Please transcribe every record below exactly as written.

Data to examine START

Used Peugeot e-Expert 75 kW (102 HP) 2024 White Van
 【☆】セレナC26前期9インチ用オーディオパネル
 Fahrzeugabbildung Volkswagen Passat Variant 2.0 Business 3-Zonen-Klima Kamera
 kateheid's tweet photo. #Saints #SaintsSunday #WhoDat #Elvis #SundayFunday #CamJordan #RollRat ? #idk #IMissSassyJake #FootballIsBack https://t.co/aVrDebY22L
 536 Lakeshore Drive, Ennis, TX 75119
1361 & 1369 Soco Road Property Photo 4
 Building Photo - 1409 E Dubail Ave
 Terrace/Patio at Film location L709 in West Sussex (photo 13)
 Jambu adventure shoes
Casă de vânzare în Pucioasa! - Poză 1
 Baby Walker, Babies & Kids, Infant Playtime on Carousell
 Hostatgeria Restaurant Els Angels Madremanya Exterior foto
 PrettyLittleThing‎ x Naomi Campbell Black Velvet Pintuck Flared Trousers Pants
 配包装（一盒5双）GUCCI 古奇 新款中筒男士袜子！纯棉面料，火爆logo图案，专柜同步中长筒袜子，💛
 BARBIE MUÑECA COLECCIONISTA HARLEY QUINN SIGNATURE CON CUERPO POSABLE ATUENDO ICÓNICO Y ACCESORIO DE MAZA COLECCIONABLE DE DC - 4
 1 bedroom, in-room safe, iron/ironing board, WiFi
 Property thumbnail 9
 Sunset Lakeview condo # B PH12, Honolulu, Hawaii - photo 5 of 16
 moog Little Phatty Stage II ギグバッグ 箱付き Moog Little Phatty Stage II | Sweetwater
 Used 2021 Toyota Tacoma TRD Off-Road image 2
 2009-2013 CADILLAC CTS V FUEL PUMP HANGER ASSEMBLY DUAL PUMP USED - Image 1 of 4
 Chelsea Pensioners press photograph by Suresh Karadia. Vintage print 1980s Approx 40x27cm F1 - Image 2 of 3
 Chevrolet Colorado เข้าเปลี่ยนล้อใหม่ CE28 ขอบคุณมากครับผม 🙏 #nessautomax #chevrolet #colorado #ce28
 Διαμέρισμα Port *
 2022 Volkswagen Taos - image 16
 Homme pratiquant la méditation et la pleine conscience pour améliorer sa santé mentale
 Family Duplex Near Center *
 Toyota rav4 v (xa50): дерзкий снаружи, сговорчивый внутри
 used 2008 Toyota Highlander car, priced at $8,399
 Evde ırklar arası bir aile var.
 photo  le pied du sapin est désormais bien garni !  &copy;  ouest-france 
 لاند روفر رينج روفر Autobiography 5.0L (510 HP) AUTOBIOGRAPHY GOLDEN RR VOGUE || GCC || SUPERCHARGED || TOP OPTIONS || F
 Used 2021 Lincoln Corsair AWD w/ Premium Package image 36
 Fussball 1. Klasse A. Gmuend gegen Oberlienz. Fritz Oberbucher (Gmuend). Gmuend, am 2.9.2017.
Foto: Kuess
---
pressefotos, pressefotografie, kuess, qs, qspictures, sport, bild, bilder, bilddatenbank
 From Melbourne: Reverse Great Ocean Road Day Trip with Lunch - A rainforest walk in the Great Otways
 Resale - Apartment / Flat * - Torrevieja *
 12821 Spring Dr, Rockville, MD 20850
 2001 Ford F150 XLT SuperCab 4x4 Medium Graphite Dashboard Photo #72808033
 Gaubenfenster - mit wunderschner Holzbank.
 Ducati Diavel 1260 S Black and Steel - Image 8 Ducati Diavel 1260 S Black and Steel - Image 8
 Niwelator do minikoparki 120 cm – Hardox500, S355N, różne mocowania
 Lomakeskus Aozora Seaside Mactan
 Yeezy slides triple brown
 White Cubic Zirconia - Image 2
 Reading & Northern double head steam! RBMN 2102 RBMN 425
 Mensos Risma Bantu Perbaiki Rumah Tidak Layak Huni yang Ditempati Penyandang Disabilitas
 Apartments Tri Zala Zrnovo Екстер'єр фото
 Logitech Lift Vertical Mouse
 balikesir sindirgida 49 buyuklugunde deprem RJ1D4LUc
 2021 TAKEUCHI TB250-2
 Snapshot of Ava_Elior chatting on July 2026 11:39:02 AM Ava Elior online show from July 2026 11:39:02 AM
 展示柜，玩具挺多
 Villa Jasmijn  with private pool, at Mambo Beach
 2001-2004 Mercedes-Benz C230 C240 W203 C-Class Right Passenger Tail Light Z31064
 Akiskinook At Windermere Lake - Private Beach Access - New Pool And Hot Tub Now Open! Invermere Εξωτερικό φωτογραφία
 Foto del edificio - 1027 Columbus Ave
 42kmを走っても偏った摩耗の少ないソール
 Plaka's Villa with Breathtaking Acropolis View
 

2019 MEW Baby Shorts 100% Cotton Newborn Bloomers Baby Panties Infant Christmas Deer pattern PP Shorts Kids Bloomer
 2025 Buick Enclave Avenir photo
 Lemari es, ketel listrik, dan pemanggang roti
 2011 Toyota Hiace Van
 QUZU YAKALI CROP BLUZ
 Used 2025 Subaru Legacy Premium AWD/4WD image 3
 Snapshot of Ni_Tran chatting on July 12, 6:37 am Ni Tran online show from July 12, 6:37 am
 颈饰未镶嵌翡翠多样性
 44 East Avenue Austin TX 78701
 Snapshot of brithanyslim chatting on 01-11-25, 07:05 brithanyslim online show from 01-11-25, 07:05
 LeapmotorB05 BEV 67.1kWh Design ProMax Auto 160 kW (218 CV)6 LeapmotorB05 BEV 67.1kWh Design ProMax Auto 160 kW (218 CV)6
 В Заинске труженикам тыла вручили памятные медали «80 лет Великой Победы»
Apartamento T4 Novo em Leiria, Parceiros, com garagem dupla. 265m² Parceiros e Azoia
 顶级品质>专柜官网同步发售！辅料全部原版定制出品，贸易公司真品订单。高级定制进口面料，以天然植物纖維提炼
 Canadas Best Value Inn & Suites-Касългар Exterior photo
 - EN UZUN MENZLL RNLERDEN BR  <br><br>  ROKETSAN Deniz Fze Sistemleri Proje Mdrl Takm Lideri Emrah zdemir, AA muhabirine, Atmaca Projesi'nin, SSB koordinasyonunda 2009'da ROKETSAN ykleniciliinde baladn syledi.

Data to examine END

Answer to the problem:
Used Peugeot e-Expert 75 kW (102 HP) 2024 White Van
 【☆】セレナC26前期9インチ用オーディオパネル
 Fahrzeugabbildung Volkswagen Passat Variant 2.0 Business 3-Zonen-Klima Kamera
 kateheid's tweet photo. #Saints #SaintsSunday #WhoDat #Elvis #SundayFunday #CamJordan #RollRat ? #idk #IMissSassyJake #FootballIsBack https://t.co/aVrDebY22L
 536 Lakeshore Drive, Ennis, TX 75119
1361 & 1369 Soco Road Property Photo 4
 Building Photo - 1409 E Dubail Ave
 Terrace/Patio at Film location L709 in West Sussex (photo 13)
 Jambu adventure shoes
Casă de vânzare în Pucioasa! - Poză 1
 Baby Walker, Babies & Kids, Infant Playtime on Carousell
 Hostatgeria Restaurant Els Angels Madremanya Exterior foto
 PrettyLittleThing‎ x Naomi Campbell Black Velvet Pintuck Flared Trousers Pants
 配包装（一盒5双）GUCCI 古奇 新款中筒男士袜子！纯棉面料，火爆logo图案，专柜同步中长筒袜子，💛
 BARBIE MUÑECA COLECCIONISTA HARLEY QUINN SIGNATURE CON CUERPO POSABLE ATUENDO ICÓNICO Y ACCESORIO DE MAZA COLECCIONABLE DE DC - 4
 1 bedroom, in-room safe, iron/ironing board, WiFi
 Property thumbnail 9
 Sunset Lakeview condo # B PH12, Honolulu, Hawaii - photo 5 of 16
 moog Little Phatty Stage II ギグバッグ 箱付き Moog Little Phatty Stage II | Sweetwater
 Used 2021 Toyota Tacoma TRD Off-Road image 2
 2009-2013 CADILLAC CTS V FUEL PUMP HANGER ASSEMBLY DUAL PUMP USED - Image 1 of 4
 Chelsea Pensioners press photograph by Suresh Karadia. Vintage print 1980s Approx 40x27cm F1 - Image 2 of 3
 Chevrolet Colorado เข้าเปลี่ยนล้อใหม่ CE28 ขอบคุณมากครับผม 🙏 #nessautomax #chevrolet #colorado #ce28
 Διαμέρισμα Port *
 2022 Volkswagen Taos - image 16
 Homme pratiquant la méditation et la pleine conscience pour améliorer sa santé mentale
 Family Duplex Near Center *
 Toyota rav4 v (xa50): дерзкий снаружи, сговорчивый внутри
 used 2008 Toyota Highlander car, priced at $8,399
 Evde ırklar arası bir aile var.
 photo  le pied du sapin est désormais bien garni !  &copy;  ouest-france 
 لاند روفر رينج روفر Autobiography 5.0L (510 HP) AUTOBIOGRAPHY GOLDEN RR VOGUE || GCC || SUPERCHARGED || TOP OPTIONS || F
 Used 2021 Lincoln Corsair AWD w/ Premium Package image 36
 Fussball 1. Klasse A. Gmuend gegen Oberlienz. Fritz Oberbucher (Gmuend). Gmuend, am 2.9.2017.
Foto: Kuess
---
pressefotos, pressefotografie, kuess, qs, qspictures, sport, bild, bilder, bilddatenbank
 From Melbourne: Reverse Great Ocean Road Day Trip with Lunch - A rainforest walk in the Great Otways
 Resale - Apartment / Flat * - Torrevieja *
 12821 Spring Dr, Rockville, MD 20850
 2001 Ford F150 XLT SuperCab 4x4 Medium Graphite Dashboard Photo #72808033
 Gaubenfenster - mit wunderschner Holzbank.
 Ducati Diavel 1260 S Black and Steel - Image 8 Ducati Diavel 1260 S Black and Steel - Image 8
 Niwelator do minikoparki 120 cm – Hardox500, S355N, różne mocowania
 Lomakeskus Aozora Seaside Mactan
 Yeezy slides triple brown
 White Cubic Zirconia - Image 2
 Reading & Northern double head steam! RBMN 2102 RBMN 425
 Mensos Risma Bantu Perbaiki Rumah Tidak Layak Huni yang Ditempati Penyandang Disabilitas
 Apartments Tri Zala Zrnovo Екстер'єр фото
 Logitech Lift Vertical Mouse
 balikesir sindirgida 49 buyuklugunde deprem RJ1D4LUc
 2021 TAKEUCHI TB250-2
 Snapshot of Ava_Elior chatting on July 2026 11:39:02 AM Ava Elior online show from July 2026 11:39:02 AM
 展示柜，玩具挺多
 Villa Jasmijn  with private pool, at Mambo Beach
 2001-2004 Mercedes-Benz C230 C240 W203 C-Class Right Passenger Tail Light Z31064
 Akiskinook At Windermere Lake - Private Beach Access - New Pool And Hot Tub Now Open! Invermere Εξωτερικό φωτογραφία
 Foto del edificio - 1027 Columbus Ave
 42kmを走っても偏った摩耗の少ないソール
 Plaka's Villa with Breathtaking Acropolis View
 

2019 MEW Baby Shorts 100% Cotton Newborn Bloomers Baby Panties Infant Christmas Deer pattern PP Shorts Kids Bloomer
 2025 Buick Enclave Avenir photo
 Lemari es, ketel listrik, dan pemanggang roti
 2011 Toyota Hiace Van
 QUZU YAKALI CROP BLUZ
 Used 2025 Subaru Legacy Premium AWD/4WD image 3
 Snapshot of Ni_Tran chatting on July 12, 6:37 am Ni Tran online show from July 12, 6:37 am
 颈饰未镶嵌翡翠多样性
 44 East Avenue Austin TX 78701
 Snapshot of brithanyslim chatting on 01-11-25, 07:05 brithanyslim online show from 01-11-25, 07:05
 LeapmotorB05 BEV 67.1kWh Design ProMax Auto 160 kW (218 CV)6 LeapmotorB05 BEV 67.1kWh Design ProMax Auto 160 kW (218 CV)6
 В Заинске труженикам тыла вручили памятные медали «80 лет Великой Победы»
Apartamento T4 Novo em Leiria, Parceiros, com garagem dupla. 265m² Parceiros e Azoia
 顶级品质>专柜官网同步发售！辅料全部原版定制出品，贸易公司真品订单。高级定制进口面料，以天然植物纖維提炼
 Canadas Best Value Inn & Suites-Касългар Exterior photo
 - EN UZUN MENZLL RNLERDEN BR  <br><br>  ROKETSAN Deniz Fze Sistemleri Proje Mdrl Takm Lideri Emrah zdemir, AA muhabirine, Atmaca Projesi'nin, SSB koordinasyonunda 2009'da ROKETSAN ykleniciliinde baladn syledi.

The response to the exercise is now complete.